= TASK DETAILS =
Every line from the top of the records through the one bearing "los conceptos" is to be reproduced exactly, and pictures are to be left out.

[Web page caption snippets]
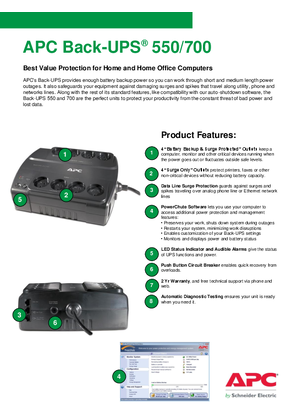 Back-UPS BE550G-AZ Specification Sheet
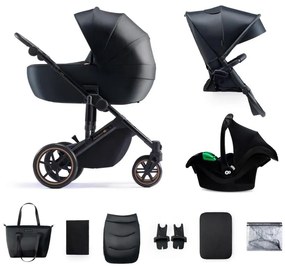 KINDERKRAFT SELECT PRIME 2 Premium - Cărucior 3în1 combinat, negru Venezian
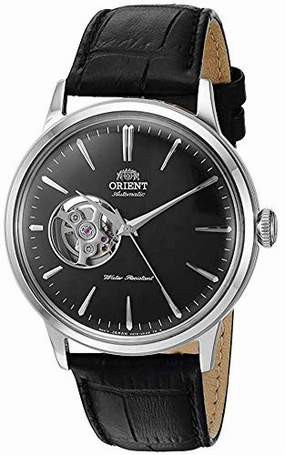 Orient Men's Bambino Open Heart Stainless Steel Automatic Watch with Leather Strap, Black, 21 (Model: RA-AG0004B10A)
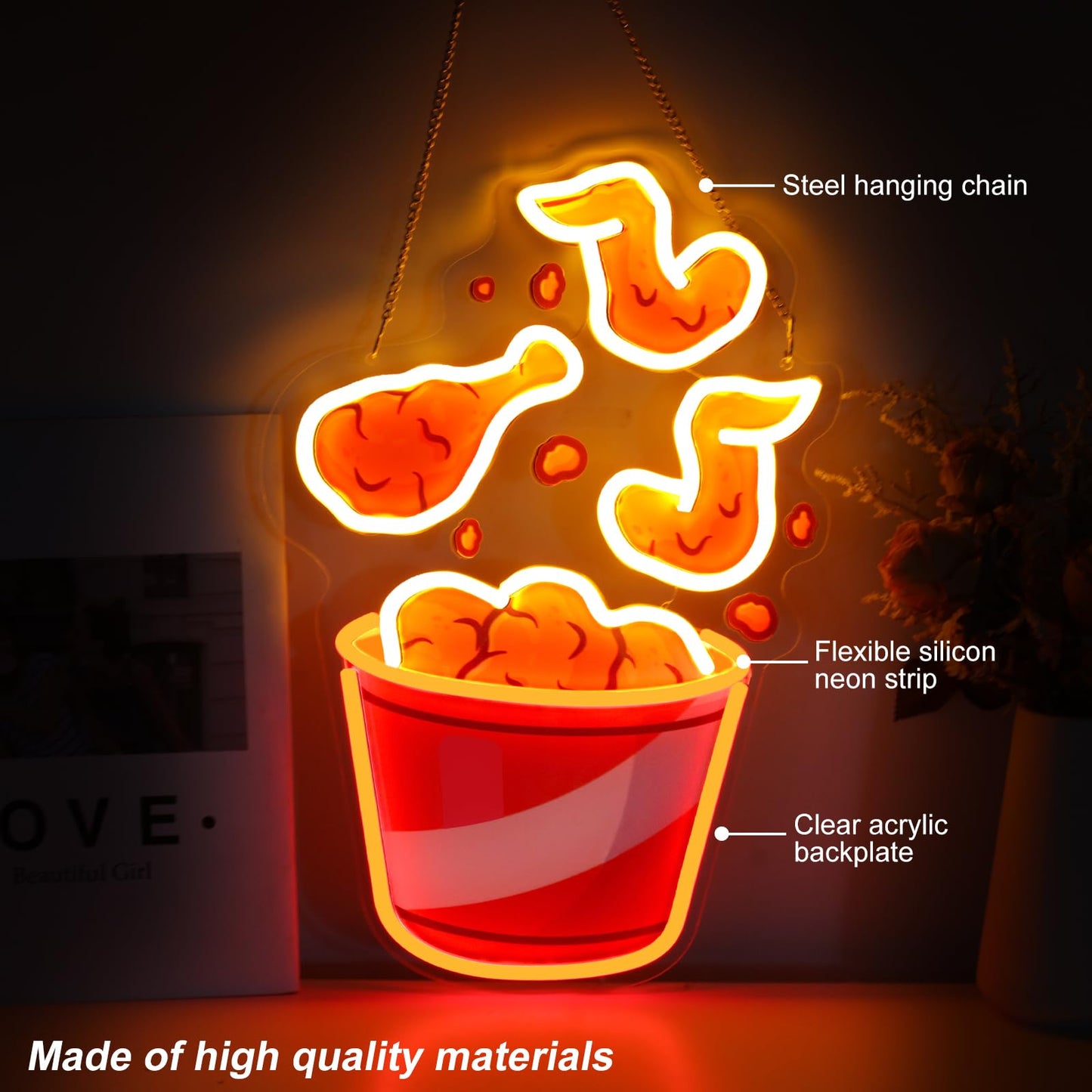 Fried Chicken Neon Sign, Chicken Led Light USB Powered Dimmable LED Sign for Street Food Neon Light, wall light retro, fast food sign, decor bar, fried chicken sign, Food Signs for Buffet
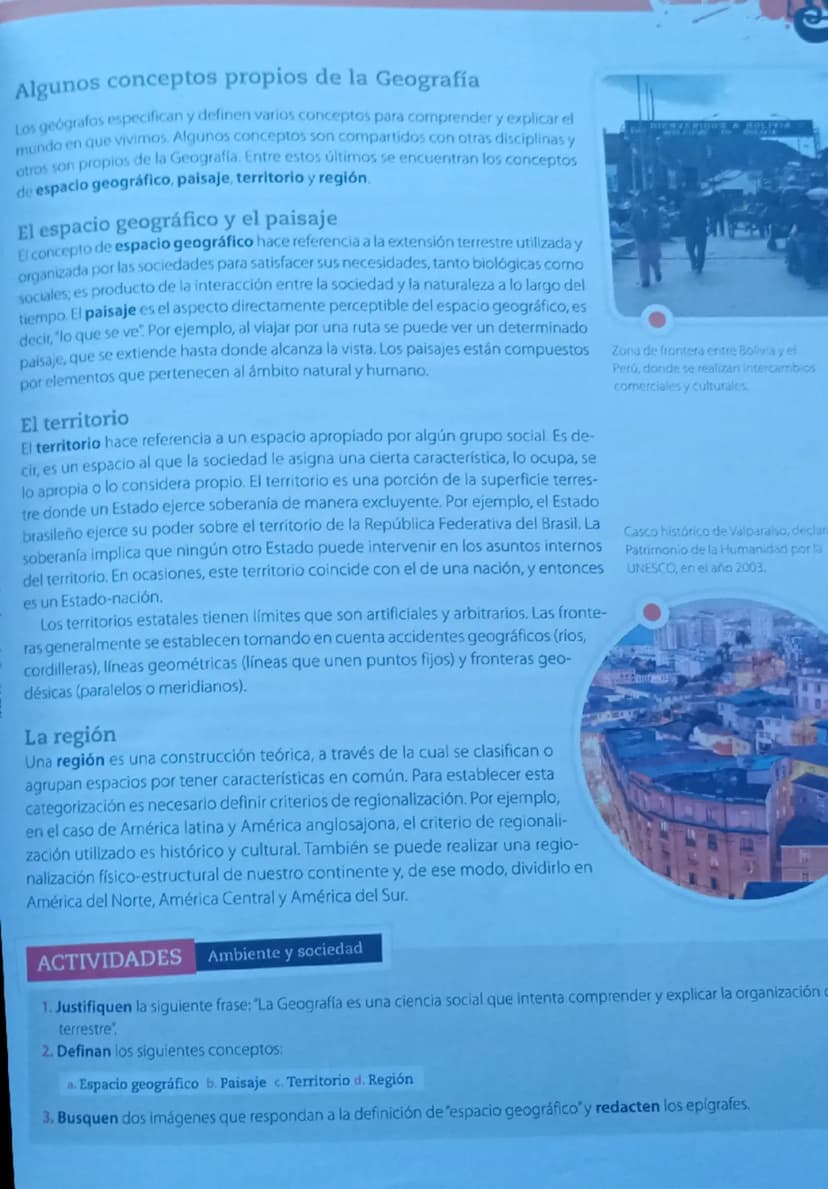 1. El objeto
de estudio y
los conceptos
de la Geografía
Claves
• Espacio geográfico
•Paisaje
Territorio
• Región
RLD
La Geografía es una dis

= SOLUTION =
 Back-UPS BE550G-AZ Specification Sheet
 KINDERKRAFT SELECT PRIME 2 Premium - Cărucior 3în1 combinat, negru Venezian
 Orient Men's Bambino Open Heart Stainless Steel Automatic Watch with Leather Strap, Black, 21 (Model: RA-AG0004B10A)
 Fried Chicken Neon Sign, Chicken Led Light USB Powered Dimmable LED Sign for Street Food Neon Light, wall light retro, fast food sign, decor bar, fried chicken sign, Food Signs for Buffet
 1. El objeto
de estudio y
los conceptos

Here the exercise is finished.